Am I missing something here?
Other than an extra 12 quid.


----------



## GuitarDave (9 Sep 2011)

Definitely not missing anything....My own bill is actually DECREASED when I apply for the phone to go with my current tv and broadband package...


----------



## peteb (9 Sep 2011)

your problem is that when you ring sales they can't actually put you onto that package because you already have all 3 services.  You need to ring the loyalty deparment and ask them nicely if they will allow you onto that product! Not kidding! This is what i was told when i rang last week about something similar.  061-272190 is the number.


----------



## Newbie! (9 Sep 2011)

Our modem died last week. We ahve been with UPC for 7 years but we bought our own modem when we first joined them. We decided it would be easier to buy the modem from them as they dont support ones you buy yourself. I called them and asked to buy one and was told that only new customers could have a modem. I wanted to buy it, not get it for free. Anyway, I was told to call customer loyalty so I did and told them that i would just close the account if they couldnt help. They laughed and told me 'of course' I could buy a modem from them. Alot of needless jumping through hoops!


----------



## Frank (9 Sep 2011)

Rang UPC 

They changed me to the bundle from next month 
New modem in the post for some reason leaves me a working wireless router.
I will now have 50 MB BB 
same phone same tv for 12 yoyo's less a month.

I have to stick with them for 12 months but had no plans to move anyway.

Can we suggest this other forum members Admins.

Well worth a 10 min phone call.


----------



## BOXtheFOX (11 Sep 2011)

I presently have broadband with Eircom.  Paying separately for this.
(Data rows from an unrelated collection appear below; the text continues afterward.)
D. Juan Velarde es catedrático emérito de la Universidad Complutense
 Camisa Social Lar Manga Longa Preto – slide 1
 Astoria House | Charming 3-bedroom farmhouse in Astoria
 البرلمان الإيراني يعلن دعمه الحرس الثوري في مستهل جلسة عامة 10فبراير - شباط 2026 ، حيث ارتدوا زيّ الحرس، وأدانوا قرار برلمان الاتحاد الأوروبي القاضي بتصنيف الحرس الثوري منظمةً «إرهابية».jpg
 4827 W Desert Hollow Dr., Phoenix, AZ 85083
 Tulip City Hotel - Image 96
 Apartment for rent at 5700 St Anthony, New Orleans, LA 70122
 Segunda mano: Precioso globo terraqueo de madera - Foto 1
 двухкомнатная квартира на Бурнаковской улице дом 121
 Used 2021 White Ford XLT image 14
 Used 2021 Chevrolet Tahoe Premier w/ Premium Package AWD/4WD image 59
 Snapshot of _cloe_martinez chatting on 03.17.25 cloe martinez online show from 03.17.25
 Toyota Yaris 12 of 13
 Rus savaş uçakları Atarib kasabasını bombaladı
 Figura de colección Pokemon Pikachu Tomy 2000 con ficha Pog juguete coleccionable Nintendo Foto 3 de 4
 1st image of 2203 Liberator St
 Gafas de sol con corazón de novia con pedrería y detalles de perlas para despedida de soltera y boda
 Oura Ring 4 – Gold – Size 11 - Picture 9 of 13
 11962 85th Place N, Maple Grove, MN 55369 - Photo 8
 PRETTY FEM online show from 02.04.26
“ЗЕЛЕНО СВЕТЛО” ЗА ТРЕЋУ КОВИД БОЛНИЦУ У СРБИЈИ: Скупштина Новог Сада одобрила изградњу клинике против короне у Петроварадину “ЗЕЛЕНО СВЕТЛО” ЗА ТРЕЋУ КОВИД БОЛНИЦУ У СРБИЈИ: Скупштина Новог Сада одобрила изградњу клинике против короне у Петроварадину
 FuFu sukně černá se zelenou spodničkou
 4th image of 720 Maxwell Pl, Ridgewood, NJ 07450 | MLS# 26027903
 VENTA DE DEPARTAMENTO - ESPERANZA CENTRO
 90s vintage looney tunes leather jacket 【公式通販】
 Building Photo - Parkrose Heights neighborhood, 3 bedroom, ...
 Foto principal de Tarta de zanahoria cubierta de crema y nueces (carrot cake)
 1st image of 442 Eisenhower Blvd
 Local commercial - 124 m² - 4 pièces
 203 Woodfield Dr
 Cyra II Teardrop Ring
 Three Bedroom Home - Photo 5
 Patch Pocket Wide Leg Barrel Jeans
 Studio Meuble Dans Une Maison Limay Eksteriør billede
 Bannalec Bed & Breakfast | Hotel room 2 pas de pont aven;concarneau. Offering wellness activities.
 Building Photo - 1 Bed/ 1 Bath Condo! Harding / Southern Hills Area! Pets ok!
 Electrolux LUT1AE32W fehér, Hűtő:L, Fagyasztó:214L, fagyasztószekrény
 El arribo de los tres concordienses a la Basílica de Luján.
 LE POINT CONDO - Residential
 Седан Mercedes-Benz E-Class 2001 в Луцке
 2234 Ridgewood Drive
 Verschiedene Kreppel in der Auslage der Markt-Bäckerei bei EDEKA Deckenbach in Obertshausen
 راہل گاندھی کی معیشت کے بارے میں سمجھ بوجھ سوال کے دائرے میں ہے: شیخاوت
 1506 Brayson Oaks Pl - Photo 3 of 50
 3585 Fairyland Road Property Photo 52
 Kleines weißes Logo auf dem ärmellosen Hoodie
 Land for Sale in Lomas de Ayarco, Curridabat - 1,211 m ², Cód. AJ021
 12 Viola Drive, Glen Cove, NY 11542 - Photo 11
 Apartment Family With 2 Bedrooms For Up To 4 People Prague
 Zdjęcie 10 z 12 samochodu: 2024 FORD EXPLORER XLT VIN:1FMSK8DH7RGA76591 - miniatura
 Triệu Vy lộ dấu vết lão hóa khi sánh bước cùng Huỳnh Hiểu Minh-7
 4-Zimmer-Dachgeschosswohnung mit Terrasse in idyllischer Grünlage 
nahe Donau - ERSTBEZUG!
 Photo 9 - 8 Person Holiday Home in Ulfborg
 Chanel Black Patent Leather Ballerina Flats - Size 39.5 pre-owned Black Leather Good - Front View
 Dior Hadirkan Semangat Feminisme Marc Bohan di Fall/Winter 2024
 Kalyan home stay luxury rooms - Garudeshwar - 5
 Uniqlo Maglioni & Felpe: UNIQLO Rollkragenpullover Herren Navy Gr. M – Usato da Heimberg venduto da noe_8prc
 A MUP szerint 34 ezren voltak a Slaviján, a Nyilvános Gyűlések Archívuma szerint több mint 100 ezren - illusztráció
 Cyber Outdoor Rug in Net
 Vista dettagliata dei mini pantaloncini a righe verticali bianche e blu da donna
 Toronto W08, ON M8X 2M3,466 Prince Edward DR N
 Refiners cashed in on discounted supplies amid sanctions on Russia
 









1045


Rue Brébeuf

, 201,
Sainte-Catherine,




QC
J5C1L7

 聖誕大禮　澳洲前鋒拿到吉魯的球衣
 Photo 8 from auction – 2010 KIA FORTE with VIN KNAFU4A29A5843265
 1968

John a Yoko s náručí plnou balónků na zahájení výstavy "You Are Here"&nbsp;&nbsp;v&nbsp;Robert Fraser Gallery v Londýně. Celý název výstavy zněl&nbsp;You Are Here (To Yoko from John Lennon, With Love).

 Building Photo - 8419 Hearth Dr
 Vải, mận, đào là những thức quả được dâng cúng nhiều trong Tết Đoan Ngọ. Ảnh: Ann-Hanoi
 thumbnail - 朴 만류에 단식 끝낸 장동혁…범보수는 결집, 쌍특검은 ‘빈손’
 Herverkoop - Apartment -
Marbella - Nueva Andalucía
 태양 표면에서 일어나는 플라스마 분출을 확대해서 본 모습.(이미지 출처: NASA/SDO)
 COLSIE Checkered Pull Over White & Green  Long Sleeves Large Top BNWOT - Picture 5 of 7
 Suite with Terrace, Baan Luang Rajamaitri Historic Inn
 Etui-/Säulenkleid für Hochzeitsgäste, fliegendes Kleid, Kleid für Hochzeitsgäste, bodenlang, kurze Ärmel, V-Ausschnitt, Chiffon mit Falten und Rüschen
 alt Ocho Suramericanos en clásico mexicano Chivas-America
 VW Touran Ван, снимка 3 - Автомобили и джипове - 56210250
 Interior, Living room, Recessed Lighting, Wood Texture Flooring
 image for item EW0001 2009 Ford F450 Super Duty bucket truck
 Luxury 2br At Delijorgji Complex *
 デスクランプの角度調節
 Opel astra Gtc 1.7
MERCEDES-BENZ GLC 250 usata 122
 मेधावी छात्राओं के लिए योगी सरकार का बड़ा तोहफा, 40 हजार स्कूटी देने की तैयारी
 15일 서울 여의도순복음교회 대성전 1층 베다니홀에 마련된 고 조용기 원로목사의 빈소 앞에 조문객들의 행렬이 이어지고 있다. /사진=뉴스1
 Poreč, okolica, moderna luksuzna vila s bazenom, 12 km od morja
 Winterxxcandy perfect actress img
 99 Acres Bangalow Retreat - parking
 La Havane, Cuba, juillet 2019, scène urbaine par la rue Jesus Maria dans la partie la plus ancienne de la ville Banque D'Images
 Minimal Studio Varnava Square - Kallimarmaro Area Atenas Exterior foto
Basic package.
I also have landline phone with Eircom. Hardly any usage. All in about €35 per month.
I have separately basic T.V with UPC. About €30 per month.

It seems that by having all these things separate I am paying way over the odds.

I am tempted to move everything to a UPC package. It will come in at about €70 per month as I have 3 T.V's in various rooms and 3 phone connections.

When you move your landline connection from Eircom to UPC do you still use the same wiring that the existing Eircom phones uses or do you have to get in new wiring?  I am not to keen on having new wires running from a new UPC box on the wall to various phones located around the house.


----------



## Complainer (11 Sep 2011)

BOXtheFOX said:


> When you move your landline connection from Eircom to UPC do you still use the same wiring that the existing Eircom phones uses or do you have to get in new wiring?  I am not to keen on having new wires running from a new UPC box on the wall to various phones located around the house.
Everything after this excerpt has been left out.